- [DIRECTIONS FOR THIS TASK] Whatever the data contains, copy all of it exactly.

- [COLLECTED DATA]
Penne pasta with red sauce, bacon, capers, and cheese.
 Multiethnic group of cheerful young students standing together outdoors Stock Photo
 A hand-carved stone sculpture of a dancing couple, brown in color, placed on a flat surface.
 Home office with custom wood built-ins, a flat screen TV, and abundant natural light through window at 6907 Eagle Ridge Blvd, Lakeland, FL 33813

- [WRITTEN SOLUTION]
Penne pasta with red sauce, bacon, capers, and cheese.
 Multiethnic group of cheerful young students standing together outdoors Stock Photo
 A hand-carved stone sculpture of a dancing couple, brown in color, placed on a flat surface.
 Home office with custom wood built-ins, a flat screen TV, and abundant natural light through window at 6907 Eagle Ridge Blvd, Lakeland, FL 33813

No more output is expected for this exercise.